This Thomas Millar article from 2023 appeared on Hacker News today. It is a bit of a meme in our modern day “Cloud” times that clever people enjoy pointing out that everyone who uses the cloud is over-complicating it and the obvious solution is for people to host bare-metal. It is a tiring meme and although I don’t think I will add much comment to it that is not already in the Hacker News comments, I find debunking these things good practice for critical thought and for writing practice.

The Summary

By all means read the article but it goes something like this:

  1. You could host a “top 1000” web site using 11MB/s bandwidth on a single bare-metal server/VM
  2. Most of you are not top 1000 web sites
  3. Therefore if you are using any kind of cloud infra, you are doing it wrong
  4. And you are probably paying a premium

My rebuttal is:

  1. You mis-represent the top 1000 site’s needs
  2. You avoid various things like RPO, RTO and availability
  3. You do not understand the non-theoretical of many sites that are not top 1000 but still can’t use your model
  4. Many of us have hybrid systems that use cloud and bare-metal. We do know why we chose that architecture

The zero-sum fallacy

The article starts from a strange premise. “if you’re getting something for a steal, someone is getting screwed”. Without defining “steal”, it is certainly not a zero-sum world and it is possible to get someone for a reasonable price without paying elsewhere. This slightly strange intro then leads into the point he makes “Amazon makes the majority of its profits from AWS, and yet so many people talk about how the cloud is so cheap…”. Do they? I don’t remember anyone saying that the cloud is cheap. It can be VERY convenient, especially for early stage companies who don’t want the cap-ex or maintenance of a production system until they are sure of their product/market fit but cost alone has never been a reason.

That said, the implication that just because Amazon makes billions of dollars of profit from AWS means we are all over-paying is, again a misunderstanding of how the market works. AWS has over 1M active users according to this article. Now out of the $500B in revenue (estimated from recent articles), it is making around $20B profit, which is both not very much of its revenue(4%) but when you consider that 10 companies make up a significantly large amount of AWS revenue (Netflix, Twitch, Linked In etc) then how much are we really over-paying? Amazon have a large ability to leverage volume discounts on hardware and are giving jobs to the people who work at those Data Centres, who would otherwise have to be employed by us.

Anyway, I don’t think this is a great foundation for the article which is more about complexity and performance than about whether AWS are taking us all for a ride. Also, other cloud providers are available!

The strawman website

He then choose Business Insider as an example of a “top 1000” web site to base his starting numbers on. 200M visits a month, 2 pages per visit = 400M HTML documents per month.75KB compressed HTML = 30TB of bandwidth.

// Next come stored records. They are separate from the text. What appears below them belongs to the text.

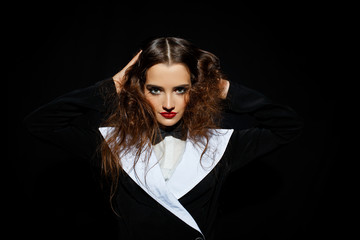 Model in black stylish suit with red lipstick
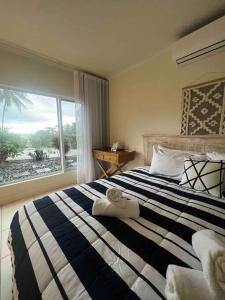 um quarto com uma grande cama listrada e uma janela em Incredible beachfront home, 10 min to Port Douglas - Diamond Cliff em Mowbray
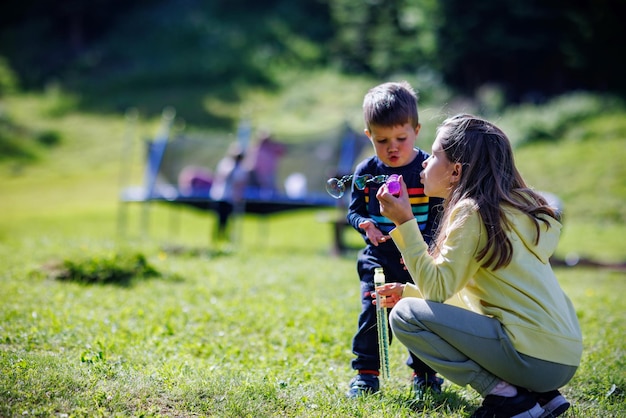 Older sister plays with younger brother and teaches him how to blow soap bubbles on the backyard in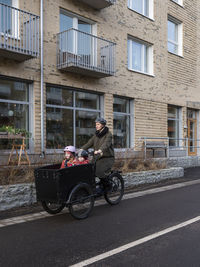 Young mother cycling with two children in cargo bicycle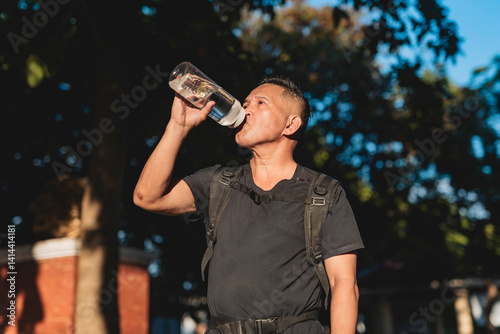 Middle aged Southeast Asian man hydrates with water from a bottle after finishing a challenging ruck in a sunny park.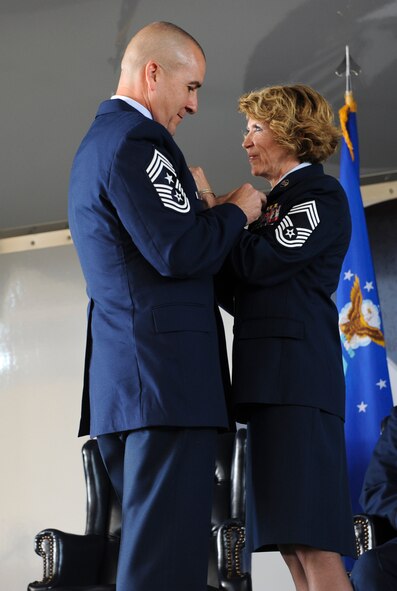 U.S. Air Force Chief Master Sgts. Dianna Vallely, 23d Medical Group chief enlisted manager, and Thomas Vallely, former 93rd Air Ground Operations Wing command chief master sergeant, attach each other’s retirement pins at Moody Air Force Base, Ga., April 26, 2013. They both served  more than 27 years. (U.S. Air Force photo by Airman Alexis Grotz/Released)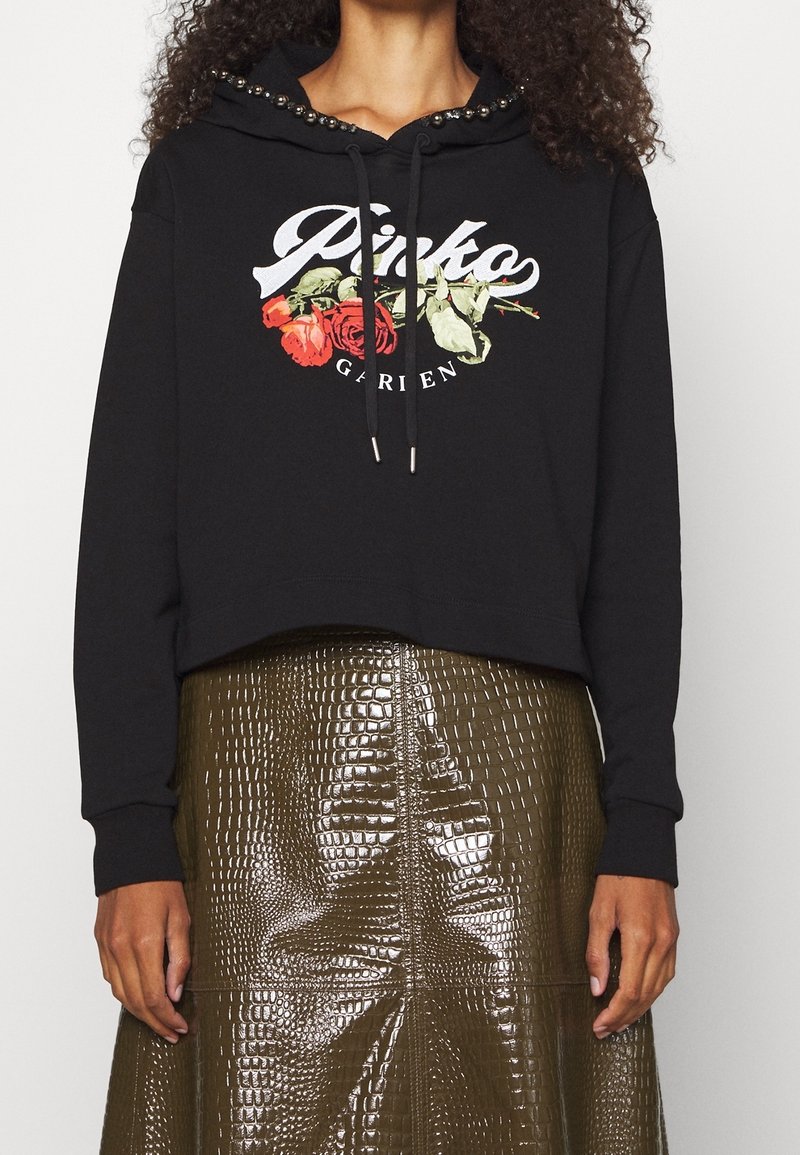 Sweat à capuche noir avec imprimé floral "Pinko Garden" et capuche cloutée en métal, associé à une jupe brillante vert olive texture croco.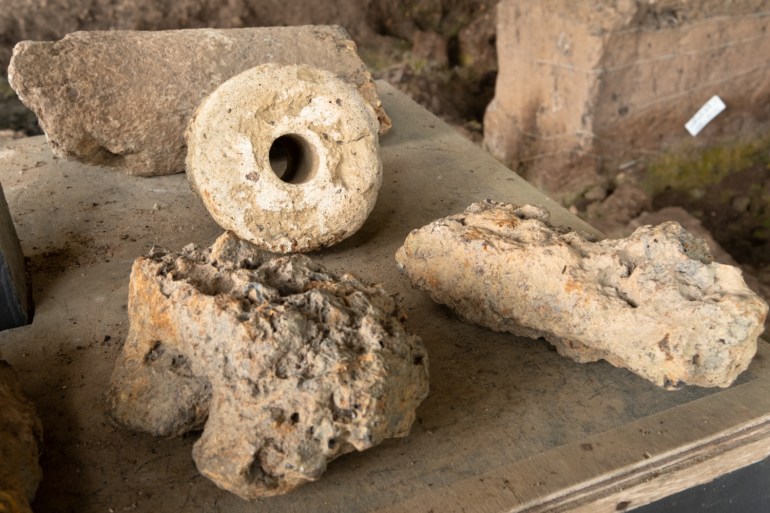 A display of tuyeres, air conduits for iron smelting, found at Sungai Batu Archaeological Complex. They are pale stone tubes with a hole in the middle.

The thing that is a little weird about this is that you just have to visit Business Insider to see how much of a mis-representation this is. Like a lot of sites, BI is loading things asynchronously over time and uses lazy loading as you scroll down the page so the first impression sizes are not accurate at all. I just clicked through a link there and these are the stats:

  • 1873 requests (from one page!)
  • 72 of those are documents
  • 52MB transferred, uncompressed to 80MB
  • Largest load in this page (which is not the page itself) is 249KB
  • 16 CSS files, 209 scripts, 6 fonts and 413 images

Now, these memes would normally shy away from using such a site as an example because the purists would say that this site is garbage and should be optimised. That might be true to an extent but I will defend this site and its right to be like this.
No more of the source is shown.